UN DÍA PEÑA ME EXPLICÓ LA VIDA.

Un mañana, Peña me explicó la vida. Para el desayuno, Fernando había pedido una botella de vino blanco. Yo, un tostado de crudo, queso y tomate, un café con leche mitad y mitad y un cuadradito de chocotorta. Hablábamos pavadas, como casi siempre; se reí conmigo, de mí, por alguna torpeza puntual, y proyectaba viajes, obras, hombres. Porque Peña proyectó hasta su último suspiro. No se quería morir, ni era auto destructivo; se anestesiada, seguido, porque le dolían algunas partes de la vida, la suya y la de todos. Porque Peña, sabio en estado de shock, en clave punk, entendía todo, incluso lo que no entendía… Scott estaba sentado en la mesa contigua, con la cabeza adentro de su notebook, armándole otra obra a Faroni. Y yo con el Olé, y Fernando con su teléfono… Eran así nuestras mañanas después del programa. Cambiábamos al mundo desde una mesita al lado de una ventana.

–Un día-, me interrumpió Fernando, mientras yo hacía cuentas con puntos y goles, -Un día yo estaba solo, en un departamento, comiendo apurado, con la ventana cerrada, pensando en fiestas, en viajes, en cumpleaños. En algo grande, extraordinario. No estaba ahí, aún estando. Y de repente, entendí que todo eso no era la vida. Esos son acontecimientos puntuales, los menos, de vez en cuando.
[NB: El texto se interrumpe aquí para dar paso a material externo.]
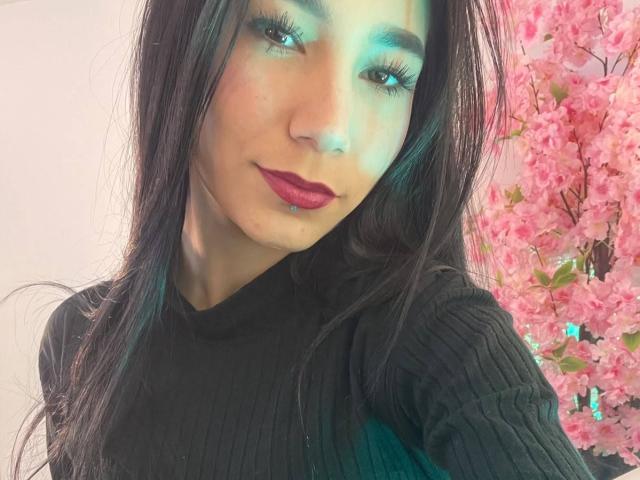 VioletaVelvet with long black hair, dark lipstick, and greenish eye makeup, wearing a black ribbed sweater, standing next to pink cherry blossoms.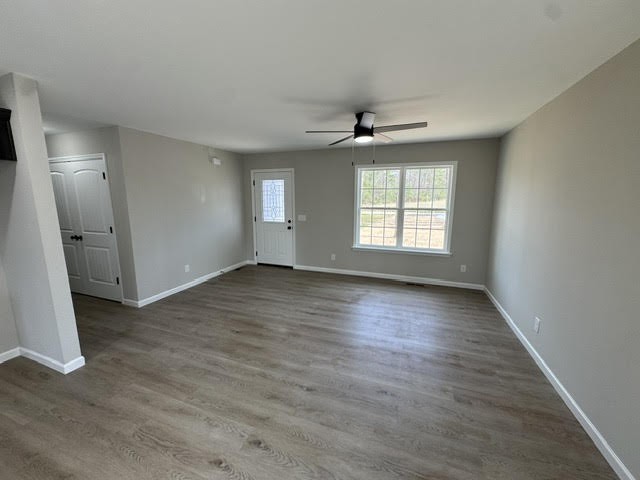 1267 Higginbotham Road McMinnville, TN 37110 - Photo 6 of 13 an empty room with wooden floor and windows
Entonces busqué mi mejor mantel, lo tendí sobre la mesa, elegí un florero, lo vestí con flores, levanté esa persiana, para que iluminara el sol, saqué la vajilla que duerme hasta Navidad, y me senté tranquilo, a disfrutar la comida, bocado a bocado. Era el mismo lugar, la misma acción, el mismo tiempo, pero era todo distinto. Era vivir despierto, despacio, entendiendo a la vida como esa sucesión de momentos chiquitos, actos pequeños, que en suma pueden hacer de tus días algo entrañable… ¿Qué creías que era la vida, Juan? Es eso! Lo otro, de vez en cuando…-…

A seis años de la muerte de Peña, les revelo su gran secreto. Siempre vivo en una manera de concebir a la realidad, libremente. Por siempre gracias, Fernando.